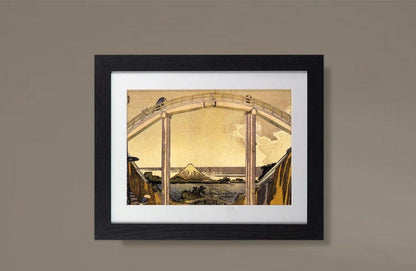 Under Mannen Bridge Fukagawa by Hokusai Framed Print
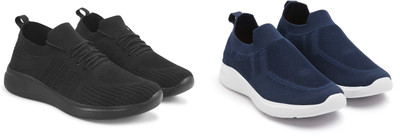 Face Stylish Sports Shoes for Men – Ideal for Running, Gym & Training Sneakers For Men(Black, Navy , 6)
==
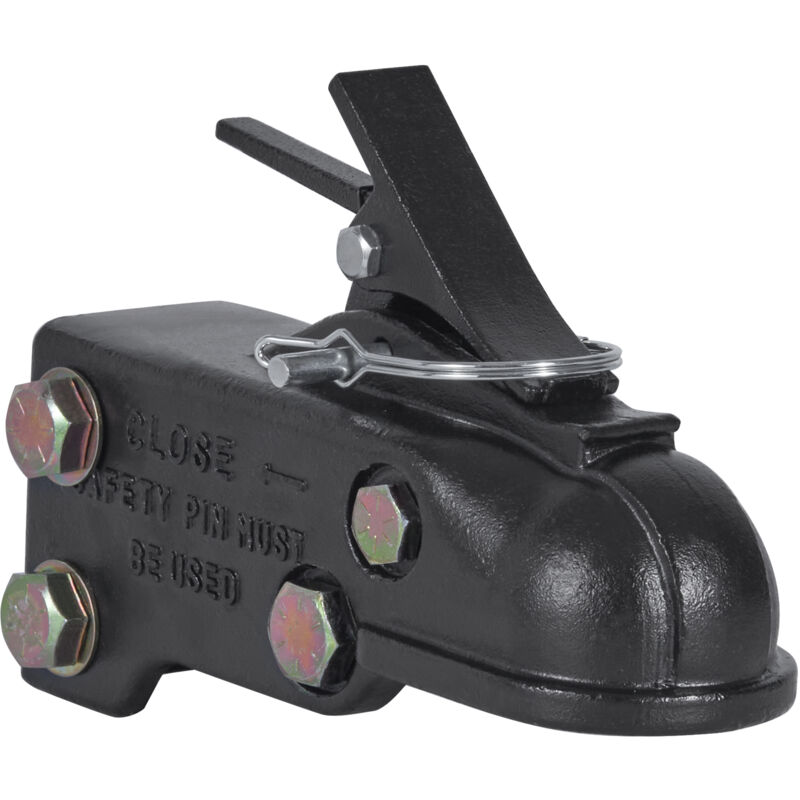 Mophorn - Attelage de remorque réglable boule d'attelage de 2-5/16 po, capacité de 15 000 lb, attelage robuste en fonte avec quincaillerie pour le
--
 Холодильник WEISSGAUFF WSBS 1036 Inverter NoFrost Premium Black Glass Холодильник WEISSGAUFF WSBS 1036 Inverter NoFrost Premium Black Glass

■ **Your assignment**: Give back exactly the lines of the listing above from the one that contains "Under Mannen Bridge" up to and including the one that contains "Face Stylish Sports", but not the pictures, and no other lines.

■ **Result for this exercise**:
 Under Mannen Bridge Fukagawa by Hokusai Framed Print
 Face Stylish Sports Shoes for Men – Ideal for Running, Gym & Training Sneakers For Men(Black, Navy , 6)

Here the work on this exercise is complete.